The truth is, what I wanted to be talking about today was either data mining, text mining or mixed models. Those are three things I want to be doing more and would be doing more except that we have a Kickstarter campaign going on to fund the next six levels of our game that teaches math, which really is awesome < Seriously, it is .
So, even though I was feeling statistically deprived these days, I have to admit that sometimes simple statistics do give you pretty straight answers. Let’s take the test we created to see whether this game really works to improve students’ math scores. This is what we used to measure the effectiveness of the game in our pilot phase. Our original idea was to take released items from the state standards test. Turns out that North Dakota, where we piloted the game, is one of the states that never releases the items on its tests. So … we found other states that had identical standards, like, “Solve problems involving division of multi-digit numbers by one-digit numbers.”

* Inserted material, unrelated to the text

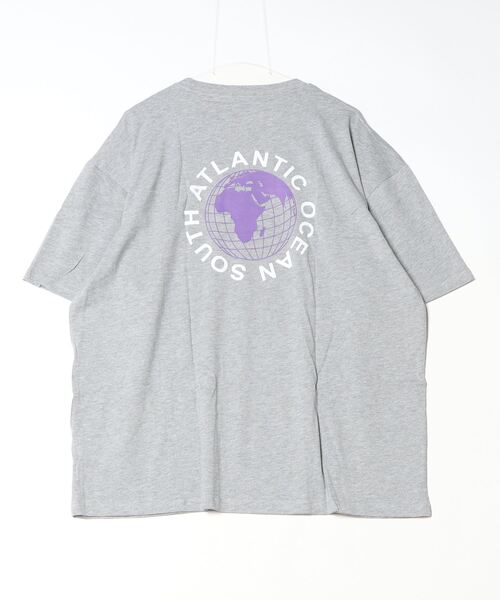 FUNALIVE(ファンアライブ)の「Printed over short sleeve T-shirt / プリント オーバー半袖Tシャツ unisex(Tシャツ/カットソー・メンズ・ブラック/オフホワイト/ミント/ホワイト系1/ブラック系1/チャコール/ネイビー/杢グレー・XL/M/L)」の13枚目の写真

Then we took questions released from those tests, like:
6. Valerie has 225 pennies. She divides her pennies into five equal piles. How many pennies are in each pile?
and created our test aligned to state standards. That is good for content validity – that is our test matches the content teachers were supposed to be teaching. When we look at the percentage of each item answered correctly by grade level, we see two things.
First, if you look at those vertical lines, after the third, eighth and eighteenth questions, those are grade level. As I wrote about previously, this gives us some evidence for contract validity given that fourth-grade students answer most questions at the second grade level correctly, and relatively few at the fourth and fifth-grade level. (Because this was a low-performing school on other criteria, we expected many students to be below grade level.)
Notice the dashed horizontal line I added, though. That is at 25%. If students just randomly guessed, they would get 25% correct. Many of those who got those items “correct” , I would suppose just guess. This introduces random error and makes your results less reliable. Now correction of scores for guessing is not new. Frary, Cross and Lowry published an interesting article on the topic and how it affects reliability in the Journal of Experimental Education back in 1977 and there has certainly been plenty of discussion since.
Also interesting to me, notice how many questions are BELOW that line of 25%. Why do you think that is? Are Native American kids just bad guessers? I know the answer to that question, but put your guesses in the comments and I’ll tell you on Friday.